Burry calls this phenomenon the "Collateral Death Spiral." When crypto asset prices fall, highly leveraged positions are forced to liquidate, and this selling pressure not only affects Bitcoin and Ethereum but also spreads to the tokenized commodities market. According to Burry's observations, on the Hyperliquid exchange, the liquidation volume of silver futures even surpassed that of Bitcoin — a rare occurrence in the crypto market.
The logic behind this event is actually quite clear. When traditional metal markets experience sharp corrections, high-leverage long positions on crypto exchanges suddenly find themselves in trouble. Traders either cannot meet margin requirements or watch their positions be automatically liquidated by the platform. More critically, CME has increased margin requirements for gold and silver futures, further amplifying market risk sentiment, forcing leveraged traders to add collateral or reduce their positions.
Interestingly, this pressure quickly propagated from traditional markets into the crypto ecosystem.

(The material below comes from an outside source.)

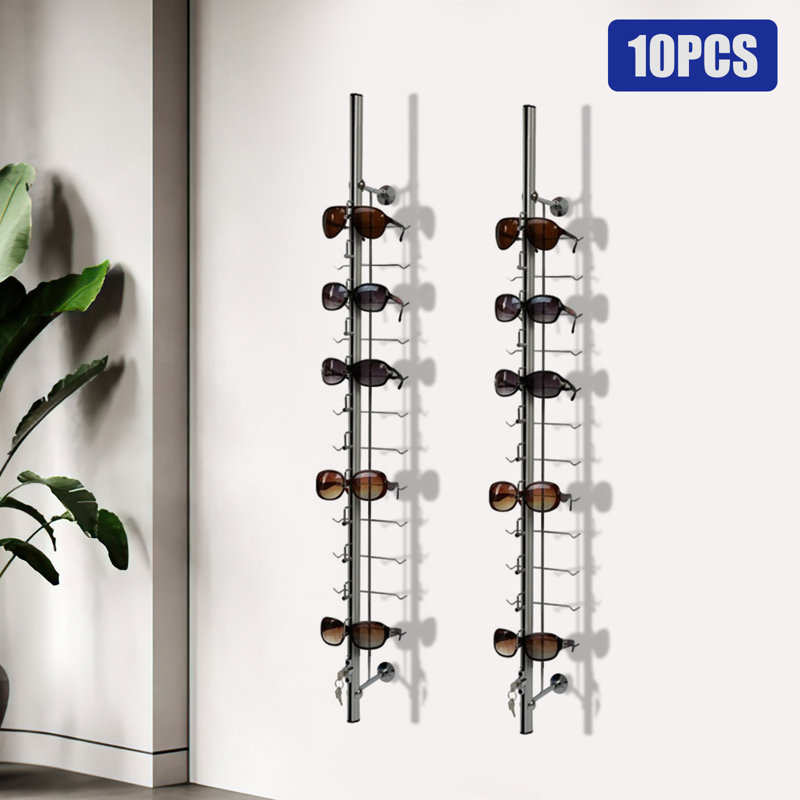 10 pièces pour présentoir à lunettes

Tokenized metal contracts allow traders to conduct 24/7 macro trading on crypto platforms, but the same mechanism also amplifies risks under market stress. When leverage is concentrated in thinly traded products, small price fluctuations can trigger chain liquidations.

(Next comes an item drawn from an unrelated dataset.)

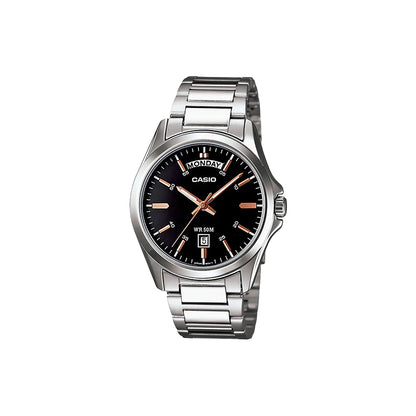 CASIO DAY DATE MTP-1370D-1A2V 50T ANIVERSARIO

Burry emphasizes the core issue: crypto exchanges have evolved into around-the-clock macro trading hubs. Volatility and risk parameter adjustments in traditional financial markets can rapidly seep into the digital asset space, and this cross-market liquidity crisis often strikes unexpectedly. When everyone crowds in the same direction, a sudden liquidity crunch can trigger a liquidation storm. The reversal of silver liquidations surpassing Bitcoin is a prime example of this systemic fragility. For long-term market participants, this should be a clear signal — in high-leverage environments, risks can emerge from any unexpected place.